Your instructions: The result should hold only the lines from the one with "Jaga Stabilitas Keamanan, Polresta" through the final line of the data below, transcribed exactly, pictures left out.

Collected data:
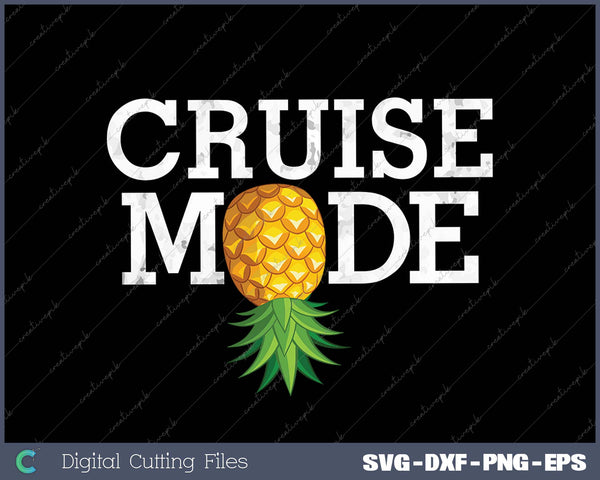 Funny Cruise Mode Vacation Upside Down Pineapple Swinger 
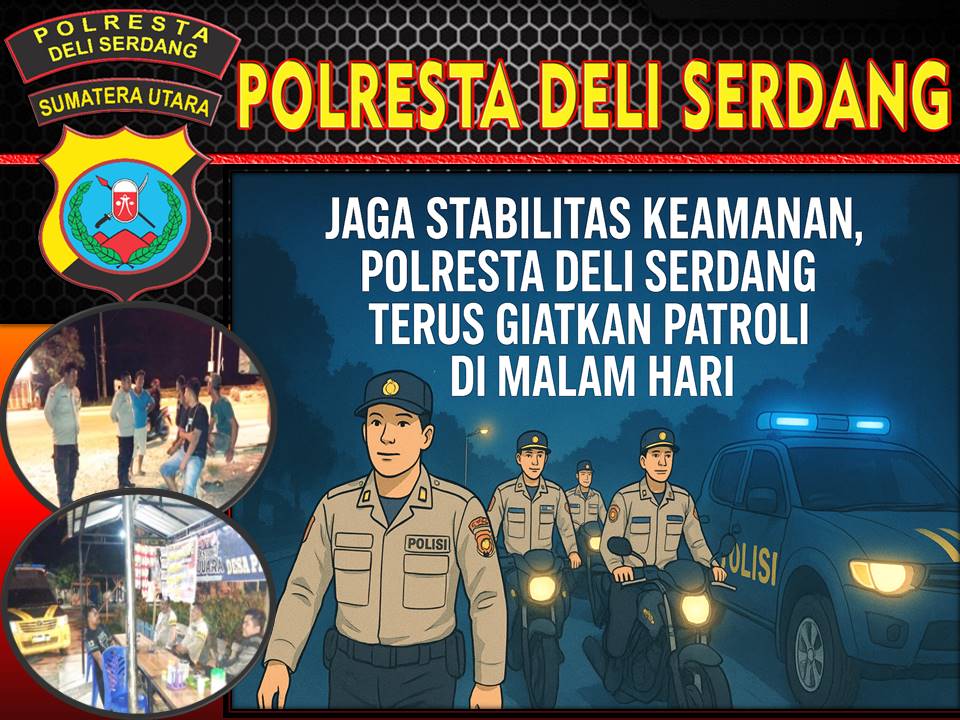 Jaga Stabilitas Keamanan, Polresta Deli Serdang Terus Giatkan Patroli Di Malam Hari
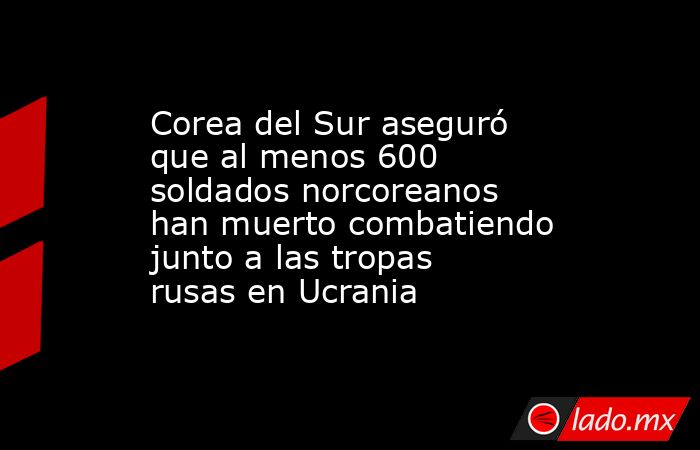 Corea del Sur aseguró que al menos 600 soldados norcoreanos han muerto combatiendo junto a las tropas rusas en Ucrania. Noticias en tiempo real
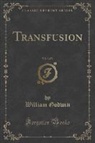 William Godwin - Transfusion, Vol. 3 of 3 (Classic Reprint)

Solution to this task:
 Jaga Stabilitas Keamanan, Polresta Deli Serdang Terus Giatkan Patroli Di Malam Hari
 Corea del Sur aseguró que al menos 600 soldados norcoreanos han muerto combatiendo junto a las tropas rusas en Ucrania. Noticias en tiempo real
 William Godwin - Transfusion, Vol. 3 of 3 (Classic Reprint)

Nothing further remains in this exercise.